The Current State of Organic Aquaculture in the United States
Traditionally, the organic market has been largely dominated by terrestrial farmers, with the aquaculture industry producing a lower diversity and quantity of organically certified products. While numerous countries have taken steps in recent years to facilitate the growth of organic aquaculture, the United States seems to have stalled in its progress. Though the United States Department of Agriculture (USDA) began taking steps to promulgate organic aquaculture standards in the early 2000s, it has not yet released any such standards. The current administration has remained silent as to its future plans, or possible lack thereof. As a result, U.S. aquaculturists are presently left without a way to access the organic aquaculture market and the increased profits it can yield. This webinar will provide an overview of the current status of organic aquaculture in the United States, and will discuss potential benefits to industry should the country promulgate federal standards in the future.
Time and Date:
Wednesday, June 19th, 2019
12:00 – 1:00 (EDT)
This webinar is offered free of charge and is limited to the first 100 registrants. It is recommended that you test your computer for software compatibility prior to the webinar by clicking here.

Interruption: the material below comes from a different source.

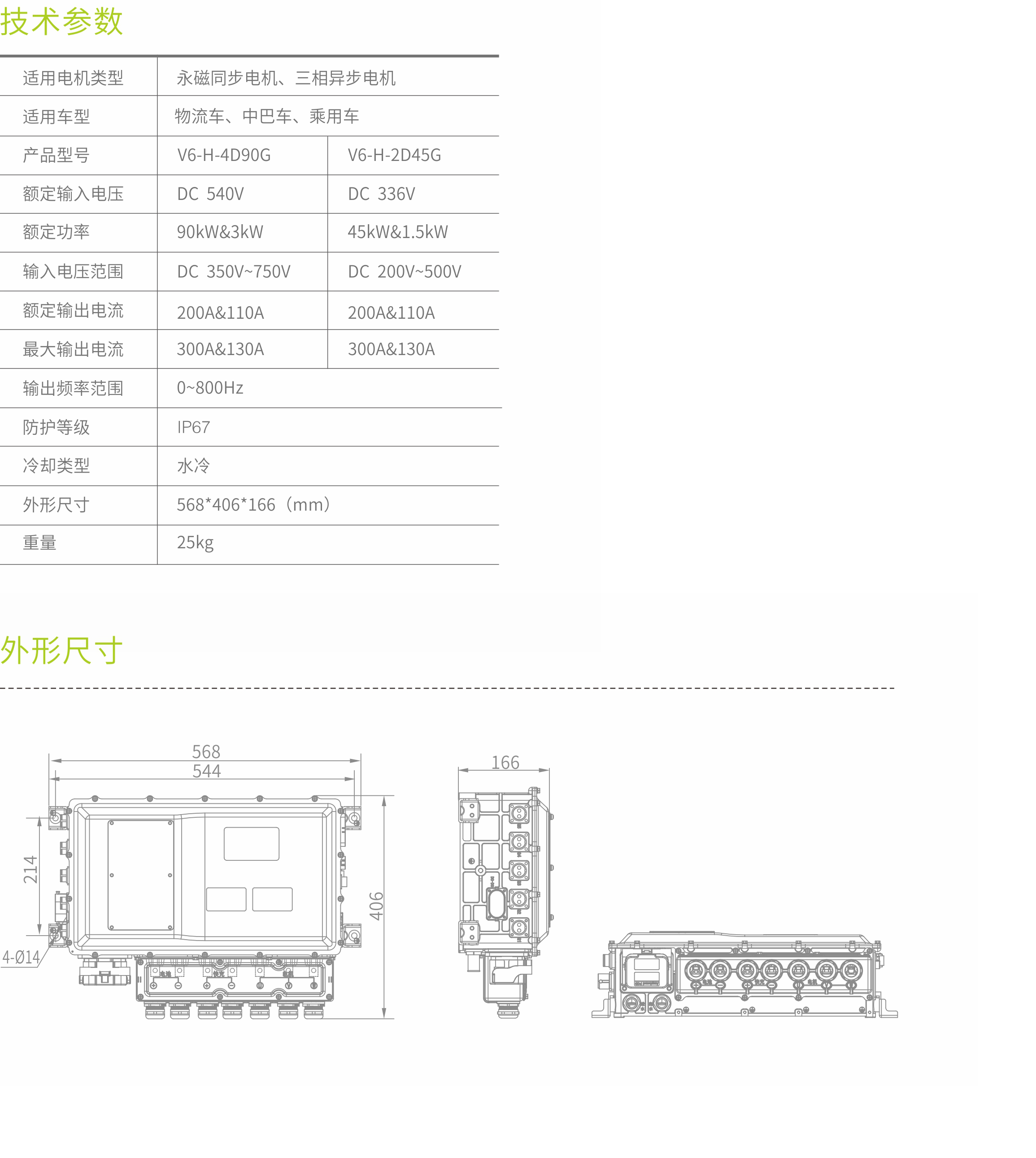 三合一驱动电机控制器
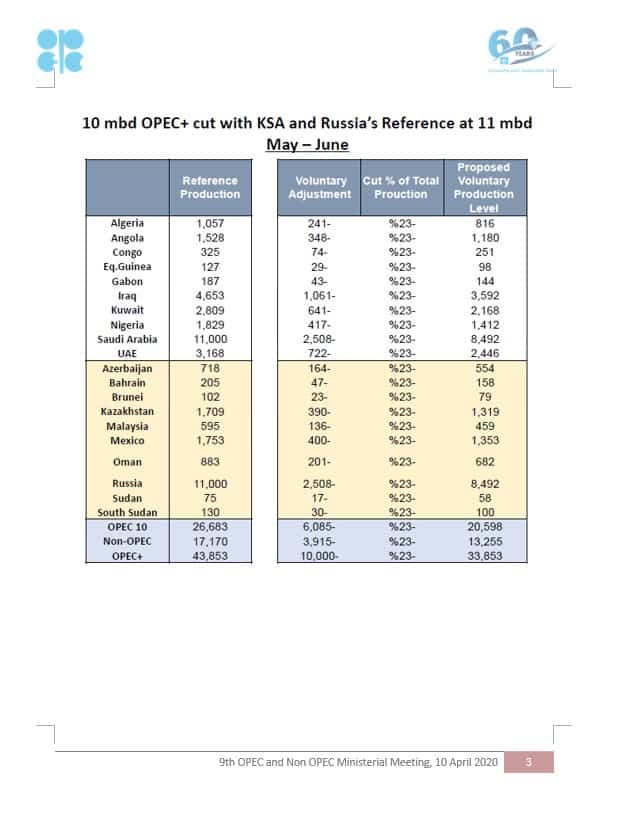boletin-semanal-10mbd-OPEC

To register for or attend this webinar, click here.
Amanda Nichols is the Ocean and Coastal Law Fellow with the National Sea Grant Law Center, which is housed at the University of Mississippi School of Law. Amanda received a B.A. in English from the University of Mississippi and a J.D. from the University of Mississippi School of Law. She earned her LL.M. in Environmental, Natural Resources, and Energy Law from the Northwestern School of Law, Lewis and Clark College. She is licensed to practice law in Florida and plans to work on environmental law issues in the state in her future. As the NSGLC fellow, Amanda researches, publishes, and presents on legal and policy issues related to aquaculture, agriculture and food, and ocean and coastal matters.